**ASSIGNMENT**
Please reproduce exactly, and only, the lines from the one with "S-XXL long soccer" through the last line of the listing below, both ends included, leaving out the pictures.

/---

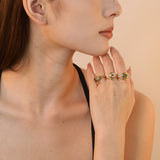 Wholesale 18K Gold Plated Teardrop Gemstone Ring Set Hypoallergenic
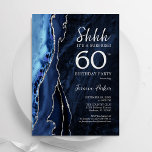 Navy Blue Silver Agate Überraschung 60. Geburtstag Einladung<br><div class="desc">Navy Blau und Silber-Agate überrascht 60. Geburtstag-Party Einladung. Elegantes modernes Design mit königsblauen Aquarellfarben,  marmorgeode Hintergrund,  Imitate Glitzer Silber und Typografie Drehbuch Schriftart. Die trendige Einladungskarte eignet sich perfekt für eine stilvolle Damenfeier. Gedruckte Zazzle Einladungen oder Sofortdownload digitalen druckbaren Vorlage.</div>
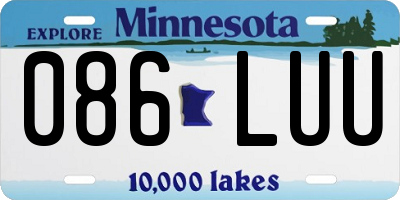 MN license plate 086LUU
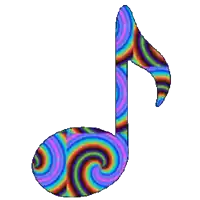 a colorful music note with a swirl design on it
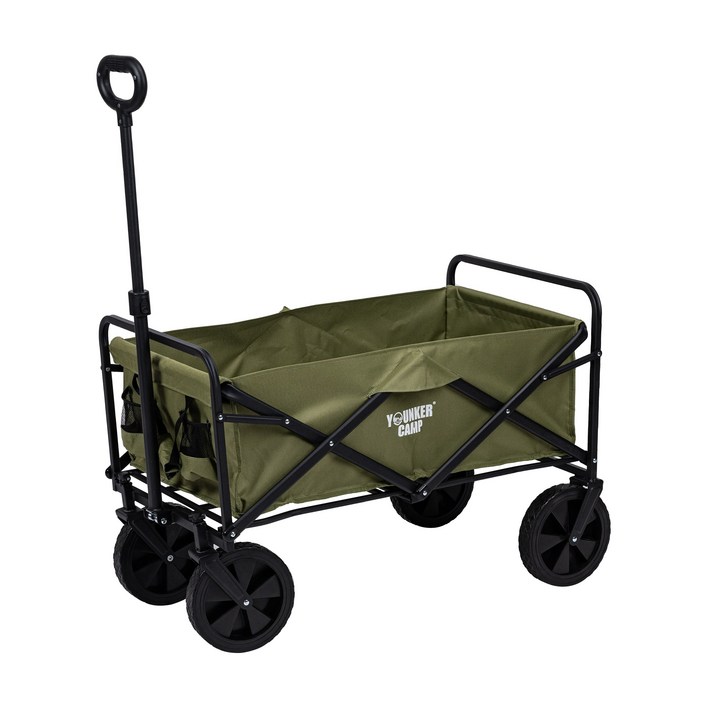 영커 접이식 웨건 다용도 아웃도어 캠핑 폴딩 카트 테이블 상판, 카키 카트, 1개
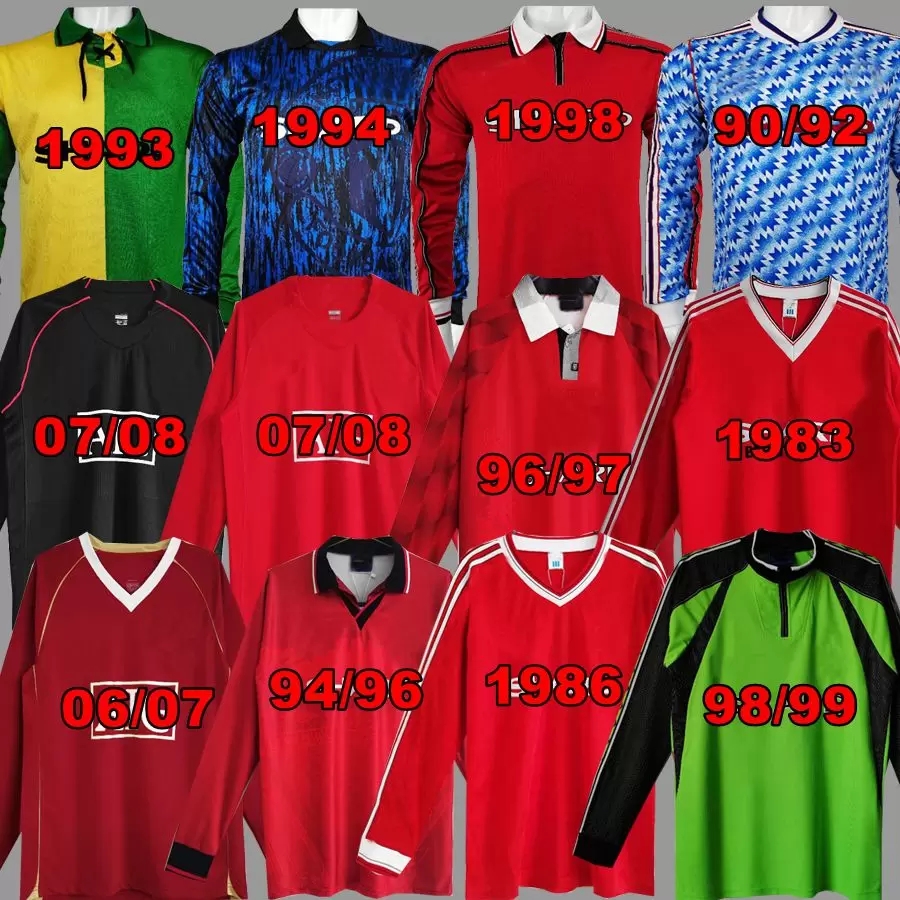 

S-XXL long soccer jerseys 06 07 08 90 92 94 96 1983 19861993 1996 1998 1999 Giggs ROONEY SCHOLES Beckham CANTONA KEANE Solskjaer retro Jerseys, 1999 home ucl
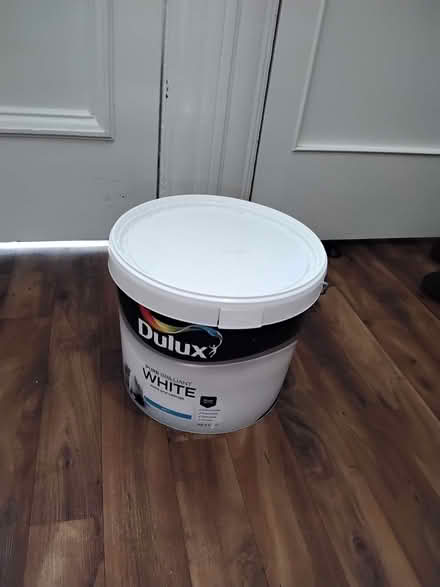 Photo of free Large 10L white Dulux matt paint, at least half left. (Allerton L18) #1
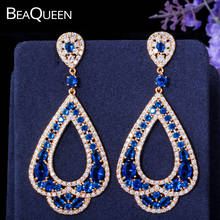 BeaQueen Hyperbole Dubai Gold Bohemia Jewelry Women Royal Blue Crystal Large Long Drop Hanging Earrings for Wedding E189 2024 - buy cheap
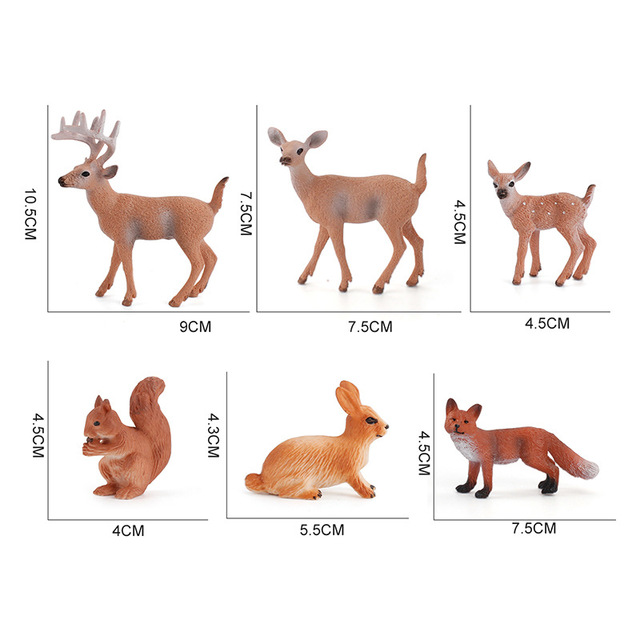 Zestaw figurkowych zwierząt leśnych (jelenie, lisy, króliki, wiewiórki) z miniaturkami wykaszarek do ciast - Wianko - 7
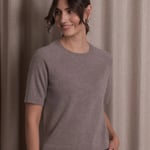 Katea Short Sleeve Cashmere Sweater nougat Original Story  — kuva 2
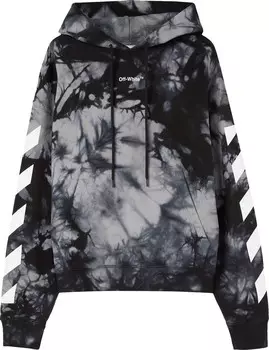 Худи Off-White Diag Arrow Tie Dye Skate Hoodie 'Warm Grey', серый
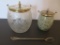 Two glass biscuit jars and olive server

\---

**ANSWER BELOW**
S-XXL long soccer jerseys 06 07 08 90 92 94 96 1983 19861993 1996 1998 1999 Giggs ROONEY SCHOLES Beckham CANTONA KEANE Solskjaer retro Jerseys, 1999 home ucl
 Photo of free Large 10L white Dulux matt paint, at least half left. (Allerton L18) #1
 BeaQueen Hyperbole Dubai Gold Bohemia Jewelry Women Royal Blue Crystal Large Long Drop Hanging Earrings for Wedding E189 2024 - buy cheap
 Zestaw figurkowych zwierząt leśnych (jelenie, lisy, króliki, wiewiórki) z miniaturkami wykaszarek do ciast - Wianko - 7
 Katea Short Sleeve Cashmere Sweater nougat Original Story  — kuva 2
 Худи Off-White Diag Arrow Tie Dye Skate Hoodie 'Warm Grey', серый
 Two glass biscuit jars and olive server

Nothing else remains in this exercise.